No where is that more apparent than during James Taylor's song "Millwork," in which the lovely Kiersten Frumkin (Woman 2) gives insight to the backbreaking work that her factory job entails. My plus-one turned to me and whispered "are there actually any millworkers left in America?"
There are in fact at least 18,000 millwork manufacturers still operating in the U.S. per a quick, post-show internet search (the internet --that's another thing that Studs did not have at his disposal that has certainly changed many jobs, but I digress).
It is probably a question that didn't get asked when it was first staged at the Goodman back in 1977. Yet, at every turn, you simply cannot escape an inevitable fact about WORKING: you can't take an adaption of something that was of its time and make it seem current. Terkel's writing and many of the people, industries and situations it documented simply no longer exist.
For instance, how do you have a show about employment in the 21st century and not talk about underemployment, the gig economy or how it takes multiple minimum wage jobs to eke out even a lower middle class existence? In 1974, the minimum wage was $2 an hour. That's $10.88 in today's dollars and $2.63 less than the current minimum wage of $8.25 an hour in Illinois. There is one scene in which a young employee (Frumkin, again) mentions that she (like many of her generation) does not expect to have her current job for life, accepts the fact that she can be let go at any time and that the lack of loyalty goes both ways. That's about it in terms of a modern revelation into the lives of working Americans.

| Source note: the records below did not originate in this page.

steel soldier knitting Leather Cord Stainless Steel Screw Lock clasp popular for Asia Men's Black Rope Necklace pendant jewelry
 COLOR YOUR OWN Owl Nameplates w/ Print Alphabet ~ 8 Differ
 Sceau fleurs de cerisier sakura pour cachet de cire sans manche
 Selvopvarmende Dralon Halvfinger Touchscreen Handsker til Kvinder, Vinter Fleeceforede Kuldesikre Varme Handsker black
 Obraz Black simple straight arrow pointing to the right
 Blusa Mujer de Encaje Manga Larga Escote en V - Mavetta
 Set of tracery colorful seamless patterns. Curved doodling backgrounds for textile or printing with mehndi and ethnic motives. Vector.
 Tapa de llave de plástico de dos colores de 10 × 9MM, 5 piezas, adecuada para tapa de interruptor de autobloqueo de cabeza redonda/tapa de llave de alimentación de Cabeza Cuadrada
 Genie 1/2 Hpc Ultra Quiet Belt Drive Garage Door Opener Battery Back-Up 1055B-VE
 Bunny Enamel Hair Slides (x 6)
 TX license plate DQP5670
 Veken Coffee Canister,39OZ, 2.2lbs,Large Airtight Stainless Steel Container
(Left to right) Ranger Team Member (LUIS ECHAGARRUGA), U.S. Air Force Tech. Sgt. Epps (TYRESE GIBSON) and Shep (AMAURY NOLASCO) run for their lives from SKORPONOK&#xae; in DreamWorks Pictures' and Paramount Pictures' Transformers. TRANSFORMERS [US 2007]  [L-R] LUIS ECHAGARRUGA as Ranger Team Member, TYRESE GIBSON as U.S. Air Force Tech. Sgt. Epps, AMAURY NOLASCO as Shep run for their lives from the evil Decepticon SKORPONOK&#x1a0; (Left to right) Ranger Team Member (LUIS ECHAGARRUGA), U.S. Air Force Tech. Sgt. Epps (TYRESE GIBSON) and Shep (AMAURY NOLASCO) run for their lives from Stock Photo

The strongest piece in the show now -for me, anyway-is "A Very Good Day" and this is again, one of the new pieces by Miranda. In it, a nursing home caretaker (Allen) and a nanny (Frumkin) lament "for now I do what no one wants to do."
Sure, you may end up wondering why on earth a non-Filipino woman is singing "Mahal na mahal nakita" (Filipino for "I love you very much."), but the fact that our priorities seemed to have shifted greatly from where they were in 1974 is undeniable.
If you go into this production expecting a heap of nostalgia for the way things used to be, I guess you'll be fine. Otherwise, WORKING as a "contemporary" piece of musical theater won't likely work for you.